New York Times News Service
Tucker the dog may
help save whales
New York Times News Service
OFF THE COAST OF SAN JUAN ISLAND, Wash. — A dog named Tucker with a thumping tail and a mysterious past as a stray on the streets of Seattle has become an unexpected star in the realm of canine-assisted science. He is the world’s only working dog, marine biologists say, able to find and track the scent of orca scat, or feces, in open ocean water — up to a mile away, in the smallest of specks.
Through dint of hard work and obsession with an orange ball on a rope, which he gets to play with as a reward after a successful search on the water, Tucker is an ace in finding something that most people, and perhaps most dogs, would just as soon avoid.
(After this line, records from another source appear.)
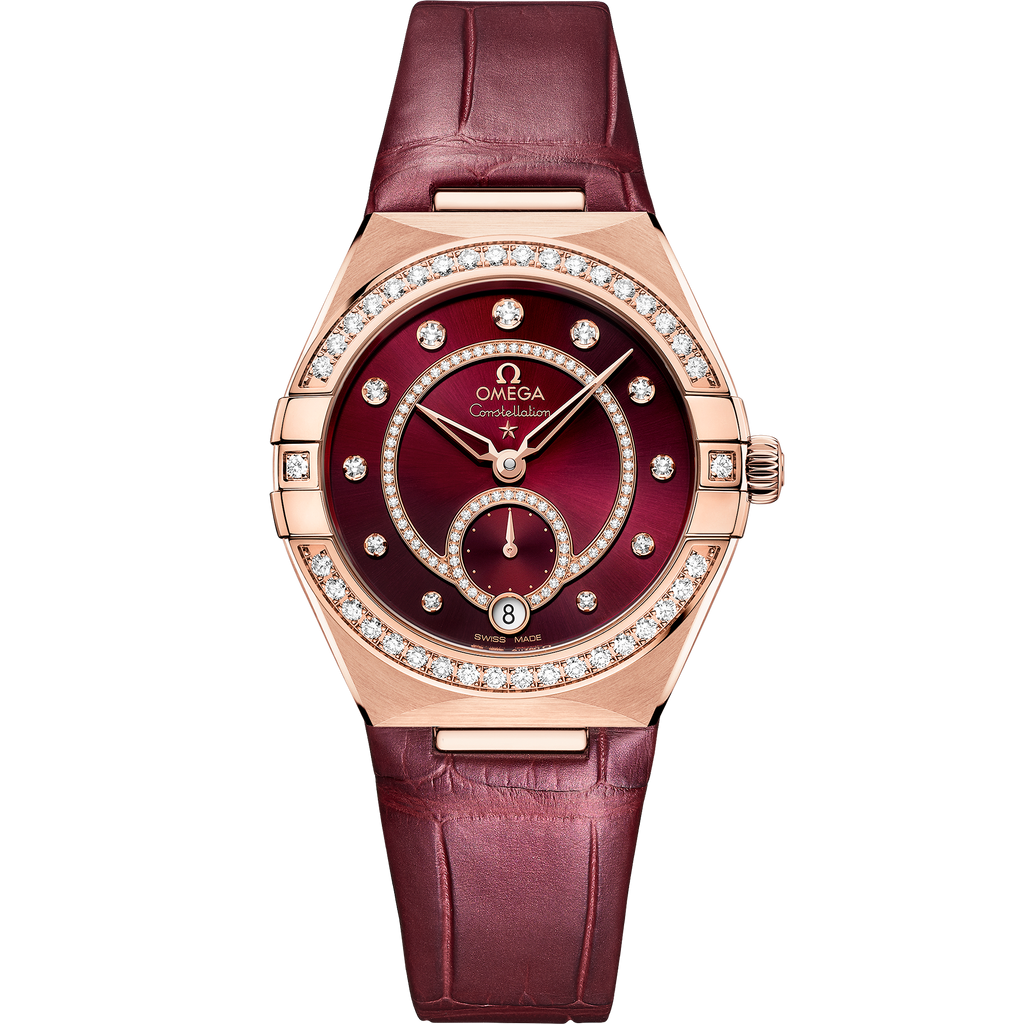 Constellation 34 mm, Sedna™ gold on leather strap - 13158342061001 - View 1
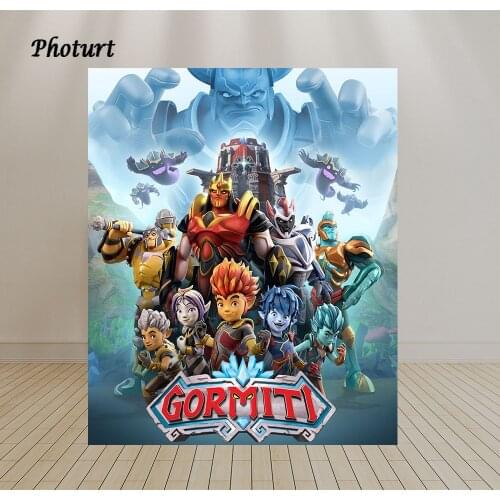 PHOTURT Gormiti Backdrop Kids Birthday Photo Background Cartoon Movie Polyester Vinyl Decorate Studio Props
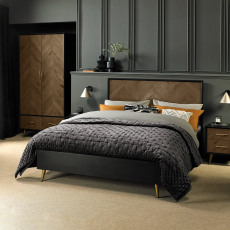 Sienna Fumed Oak & Peppercorn 180cm Super King Panel Bedstead by Bentley Designs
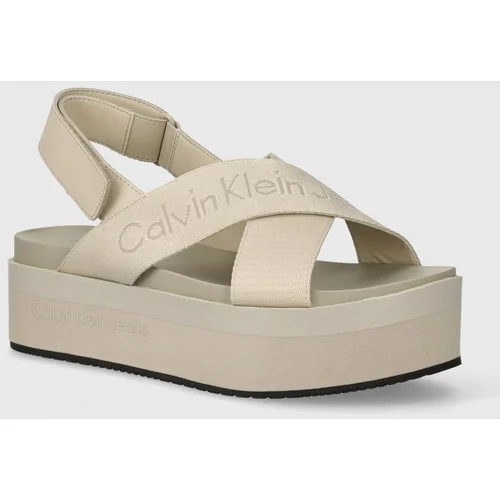 Calvin Klein Jeans Sandali FLATFORM SANDAL SLING IN MR ženski, bež barva, YW0YW01362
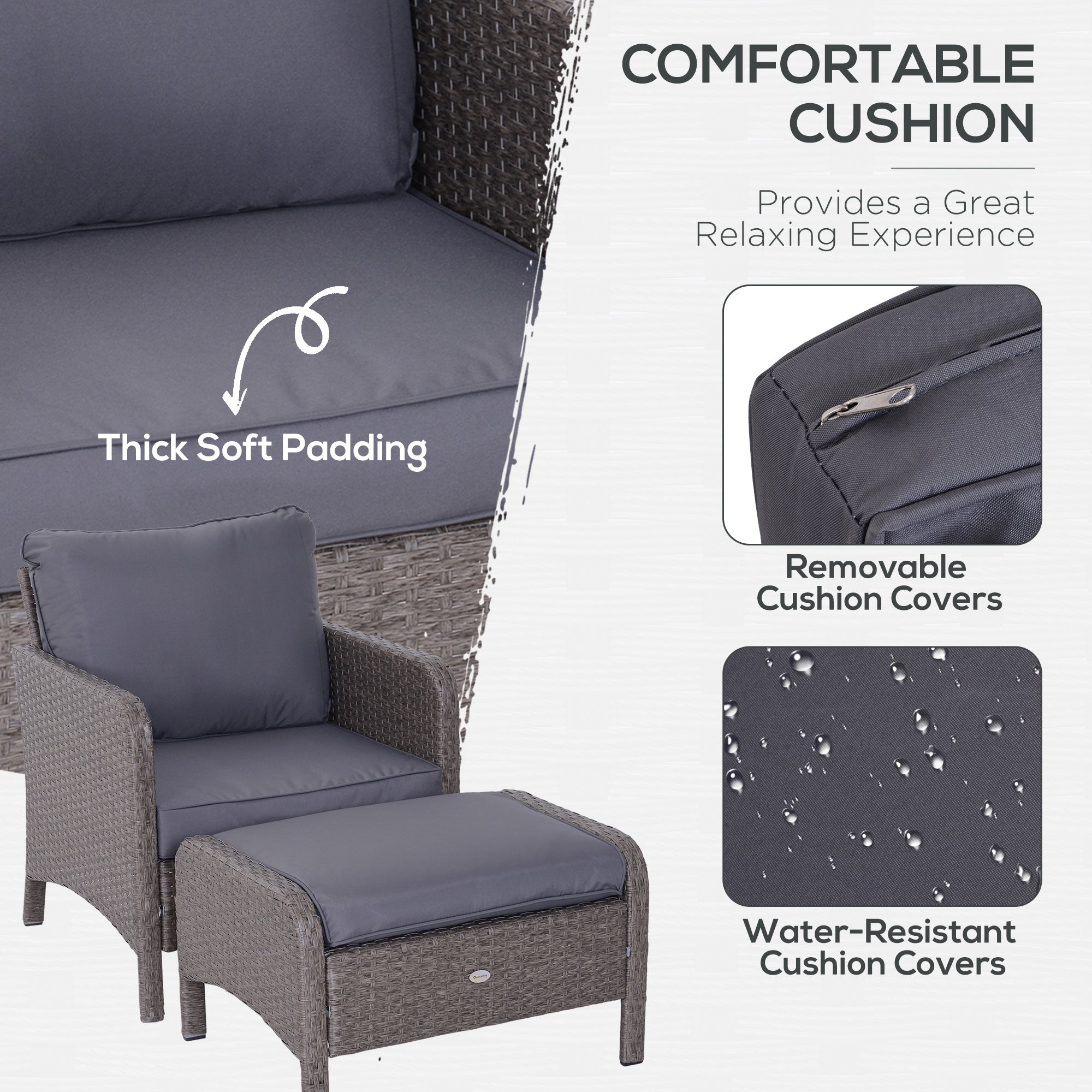 Outsunny 2-Seater Rattan Furniture Set, Steel Frame-Grey 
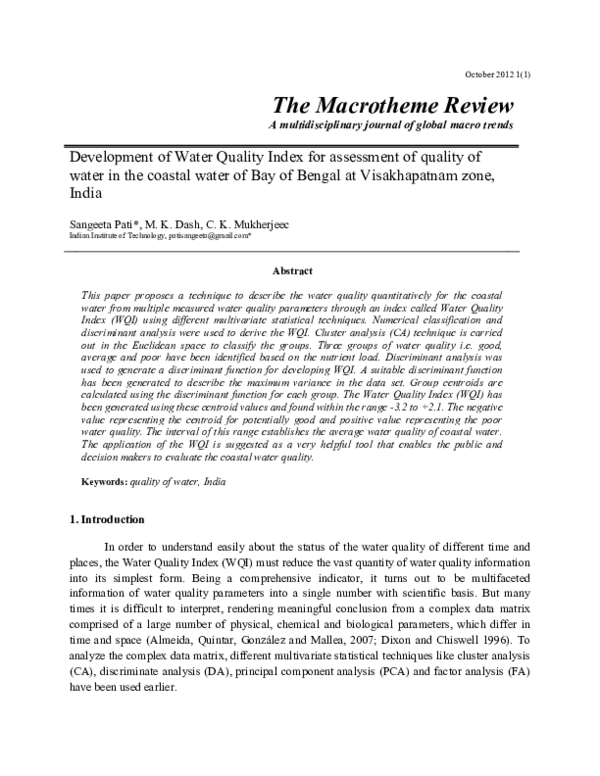 (PDF) Development of Water Quality Index for assessment of quality of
“Sometimes he’d just turn around and sit down and stare at me, waiting for me to figure it out,” said Deborah A. Giles, who is completing a Ph.D. on how orcas here are affected by the thousands of whale watchers and scores of commercial whale-watch vessels in the area.
“He’s very subtle,” said Giles, sitting behind the wheel of the research vessel Moja as Tucker, an 8-year-old black Lab mix, paced at the prow.
The research is raising new questions about how to protect orcas.
Samuel K. Wasser, the director of the Center for Conservation Biology at the University of Washington and the director of the orca scat research project, said that when he started the project four years ago, he thought boat activity would be a crucial element of whale stress, reflected through stress hormones in their scat. But it turned out, he said, that food supply was more important, with fewer salmon — because of overfishing by humans or habitat degradation or both — emerging as a main stress variable.
Knowing to focus on fish supply, he said, means knowing where to focus public policy efforts on the animals’ behalf.
Through the scat, biologists can tell, for example, which whale pods spend the winter off the coast of Southern California, because their feces can contain higher trace elements of DDT, the pesticide that was banned in 1972. The poison still echoes through the decades in the fish the whales eat before returning north. Other orca groups have concentrations of dioxins or PCBs traced to industrial activity around Seattle.